Hint:The bond order shows the number of chemical bonds present between a pair of atoms. Its formula is defined as half the difference between the number of electrons in bonding orbitals and antibonding orbitals. Higher is the bond length, higher is the stability of the molecule.

Formula used:
Bond order $ = \dfrac{1}{2}[a - b]$
Where a is the number of electrons in bonding molecular orbitals and
B is the number of electrons in antibonding molecular orbitals
Complete step by step answer:
The bond order of a covalent bond is the total number of covalently bonded electron pairs between two atoms in a molecule.

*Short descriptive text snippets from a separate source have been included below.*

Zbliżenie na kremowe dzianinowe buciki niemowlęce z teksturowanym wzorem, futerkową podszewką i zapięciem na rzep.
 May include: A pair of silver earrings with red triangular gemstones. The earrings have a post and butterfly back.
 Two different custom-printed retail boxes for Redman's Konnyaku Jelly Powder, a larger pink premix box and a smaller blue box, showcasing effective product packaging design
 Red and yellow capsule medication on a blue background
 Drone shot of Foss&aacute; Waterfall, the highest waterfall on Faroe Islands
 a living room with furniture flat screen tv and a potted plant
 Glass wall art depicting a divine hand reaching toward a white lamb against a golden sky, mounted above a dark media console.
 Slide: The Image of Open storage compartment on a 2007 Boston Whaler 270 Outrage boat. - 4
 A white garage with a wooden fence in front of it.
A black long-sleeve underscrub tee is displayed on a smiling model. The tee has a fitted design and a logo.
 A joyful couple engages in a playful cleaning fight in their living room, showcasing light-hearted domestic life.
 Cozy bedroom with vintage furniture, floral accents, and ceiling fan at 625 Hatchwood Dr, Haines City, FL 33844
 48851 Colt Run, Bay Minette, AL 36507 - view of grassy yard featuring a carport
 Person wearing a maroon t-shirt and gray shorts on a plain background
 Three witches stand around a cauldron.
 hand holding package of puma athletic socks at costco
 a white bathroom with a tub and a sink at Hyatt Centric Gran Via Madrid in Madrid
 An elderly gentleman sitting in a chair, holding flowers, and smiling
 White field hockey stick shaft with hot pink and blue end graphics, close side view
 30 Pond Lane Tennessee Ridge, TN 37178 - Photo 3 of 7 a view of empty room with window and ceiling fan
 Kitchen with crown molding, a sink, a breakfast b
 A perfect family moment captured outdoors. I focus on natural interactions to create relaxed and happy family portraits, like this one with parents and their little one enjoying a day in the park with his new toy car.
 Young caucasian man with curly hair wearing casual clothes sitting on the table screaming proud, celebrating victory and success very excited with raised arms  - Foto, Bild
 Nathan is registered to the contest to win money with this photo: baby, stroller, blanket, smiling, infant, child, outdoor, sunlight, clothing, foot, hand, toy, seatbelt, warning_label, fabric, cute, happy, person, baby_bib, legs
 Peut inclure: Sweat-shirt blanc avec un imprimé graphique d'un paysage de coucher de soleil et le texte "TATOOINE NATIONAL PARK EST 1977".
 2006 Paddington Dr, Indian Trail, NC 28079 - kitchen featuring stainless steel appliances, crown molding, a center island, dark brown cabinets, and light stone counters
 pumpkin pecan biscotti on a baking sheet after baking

Further, it can be found by drawing the Lewis structure of the molecule and counting the total number of electron pairs between the atoms. The single bonds have a bond order of1, double bonds have a bond order of 2 and triple bonds have a bond order of 3.
Now, let’s calculate the bond order of the given molecules.

1) ${N_2}$
Basically, the bond order of this molecule is 3 as it possesses triple bond.
So, according to the formula let’s calculate the bond order
 $
   = \dfrac{1}{2}(10 - 4) \\
   = \dfrac{1}{2}(6) \\
   = 3 \\
 $

 2)${O_2}$
According to the formula,
 $
  a = 8 \\
  b = 4 \\
 $
Bond order $ = \dfrac{1}{2}(8 - 4)$
=2

 3)${O_2}^ + $ - Now in this case there is one extra electron
So, according to the formula bond order will be:
 $ = \dfrac{1}{2}(10 - 5)$
=2.5

 4)${O_2}^ - $
According to the formula,
Bond order $ = \dfrac{1}{2}(10 - 7)$
=1.5

Note:If the bond order of a covalent bond is zero, then the two atoms in the question are not covalently bonded i.e. no bond exists. Moreover, the difference in the electronegativities of the atoms participating in the chemical bond also contributes to the bond energy.